Well DSLs aren't very feasible in Java due to the language, so they came up with HQL instead - the goal is the same, a rapid way to describe SQL statements in terms of objects. In my view, there's not a huge difference between parsing HQL into a tokenized structure, versus building the tokenized structure directly using a generative system like `query(class).filter(class.foo=='bar')`. They do also have a slightly more DSL-like thing called "criteria" queries, which are of the "criteria.add(Restrictions.like("name", "ed"))" variety, a far cry from linq though.

But an ORM is about a lot more than just building SELECT queries. Hibernate has a Session (SQLAlchemy copied this name from Hibernate), built on top of similar unit of work/identity map patterns - it also uses pretty much the same notion of transaction integration (that is, flush() any number of times in a transaction, including before queries, then commit() at the end). SQLAlchemy originally copied the name for their "save_or_update()" method, until taking a cue from Storm and renaming it to "add()". The merge() method in SQLAlchemy is directly from Hibernate, to the point where I read its source to determine its exact behavior in some edge cases.

The notion of "cascades" and the options it accepts are almost identical to Hibernate. There's the fact that collections are represented persistently in memory once loaded, rather than doing a "load on every iteration" kind of pattern that it appears all the other Python ORMs do, as this was the pattern that seemed more familiar to me as well as a lot more efficient in a majority of cases.

Collection loading via joins or a second query that loads for a full set of parent objects at once is pretty much inspired from Hibernate, though I sought to dramatically improve Hibernate's behavior here by getting "joined eager loading" to work totally transparently, including if the parent query had LIMIT/OFFSET on it.

Originally we had also copied this Hibernate concept called "entity name mappings" until realizing it was a terrible idea not at all relevant to Python. The horizontal sharding extension, which I've always viewed as just a proof of concept/experimental thing, was designed pretty much verbatim from Hibernate's similarly little-used API...people were really bugging me for a transparent, horizontal sharding system for awhile, even though they still seem unwise to me, so I figured copying their idea was better than just totally guessing how to do it.

Overall, SQLAlchemy can be seen as a product largely derived from Hibernate in Java and SQLObject in Python, rounded out with various patterns in "Patterns of Enterprise Architecture", and later on from the Storm ORM as well.

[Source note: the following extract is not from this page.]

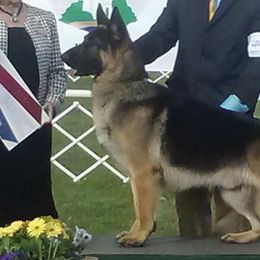 German Shepherds from Wolf Creek German Shepherds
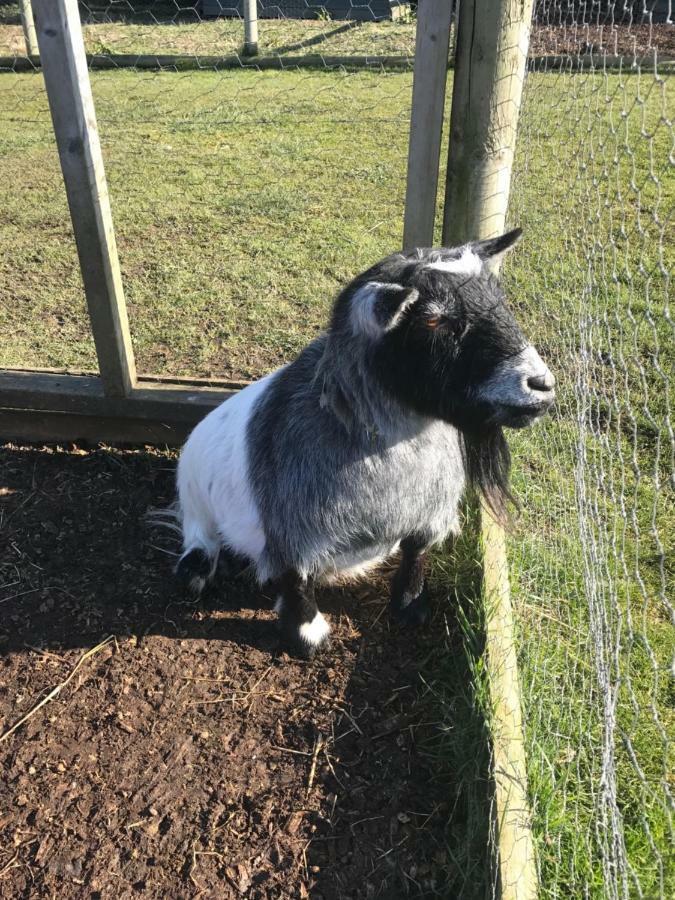 Willow Court Farm Studio East & Petting Farm, 8 Mins To Legoland & Windsor, 15 Mins To Lapland Uk エクステリア 写真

Isn't Hibernate SQLAlchemy for Java?


half-joke: sqlalchemy with jython?


For most web applications peewee will be just as nice as Djangos ORM.



The only thing I really want is a good and easy way to use SQLAlchemy to manage a change-set as well for my schema so that I can upgrade/downgrade at will. Something like what Rails has built-in would be awesome.

Is something like that already out there? Something that works well and can easily be integrated into a project?


There's SQLAlchemy-Migrate as someone mentioned, and I've also recently released Alembic (https://bitbucket.org/zzzeek/alembic) which is already being used in some production environments. Alembic includes semi-automatic version generation in a similar way as South for Django does.



There is a lot to be recommended in Django. However, there are some infuriating limitations. I would love a version of Django which was based on SQLAlchemy, and which supports all the fun things Django users love like admin and South. We'd have the best of both worlds.